=== Working data ===

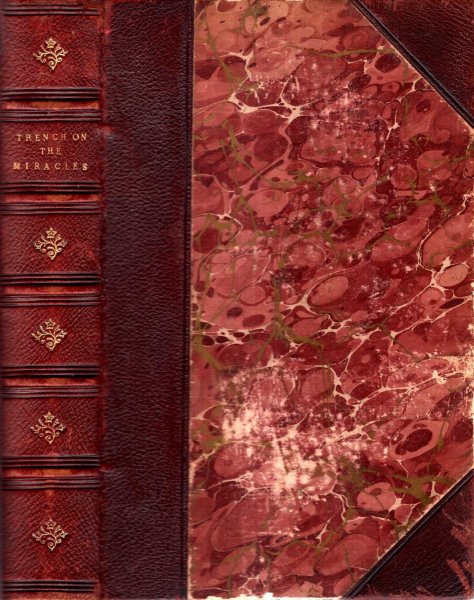 Image for Notes on the Miracles of Our Lord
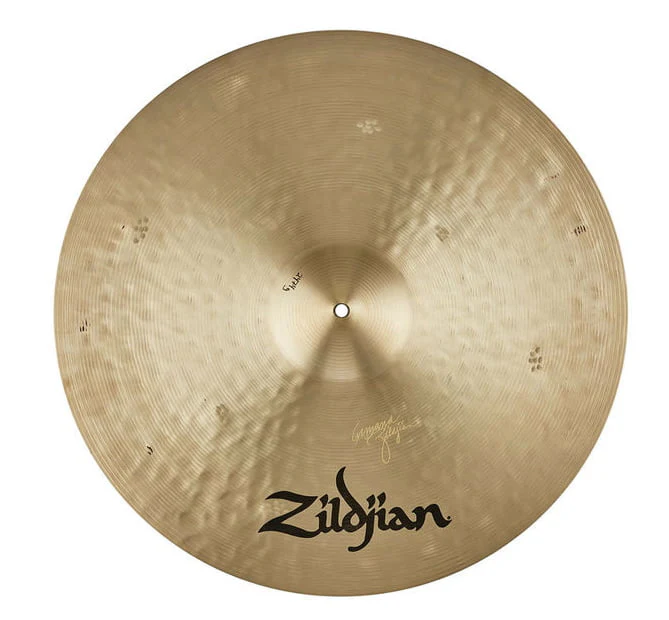 ZILDJIAN K1114 K CONSTANTINOPLE BOUNCE PLATO BATERIA RIDE 22 PULGADAS - Image 2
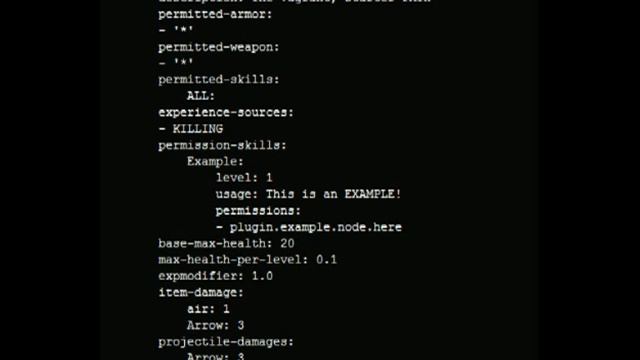 How to install Heroes 1.2.5 for Bukkit 1060-1337 смотреть онлайн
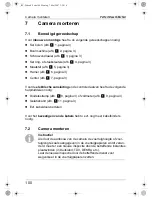 Preview for 100 page of Waeco PerfectView CAM26W Installation And Operation Manual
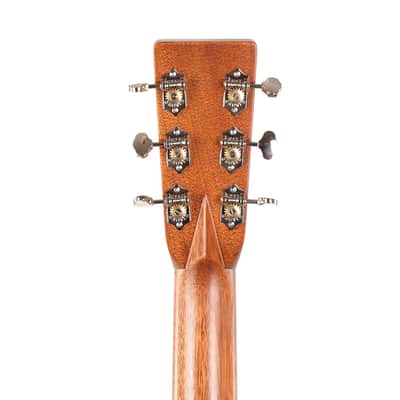 Martin Standard Series D-28 Acoustic Guitar Natural image 8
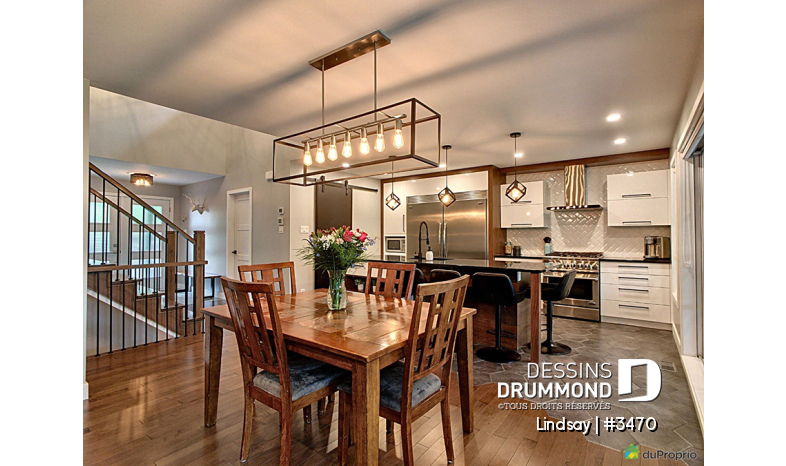 Photo Salle à manger - Lindsay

===

Try it: From the line containing "ZILDJIAN K1114 K" down to the final line of the material above, reproduce each line exactly and include no images.

Answer for the task:
 ZILDJIAN K1114 K CONSTANTINOPLE BOUNCE PLATO BATERIA RIDE 22 PULGADAS - Image 2
 How to install Heroes 1.2.5 for Bukkit 1060-1337 смотреть онлайн
 Preview for 100 page of Waeco PerfectView CAM26W Installation And Operation Manual
 Martin Standard Series D-28 Acoustic Guitar Natural image 8
 Photo Salle à manger - Lindsay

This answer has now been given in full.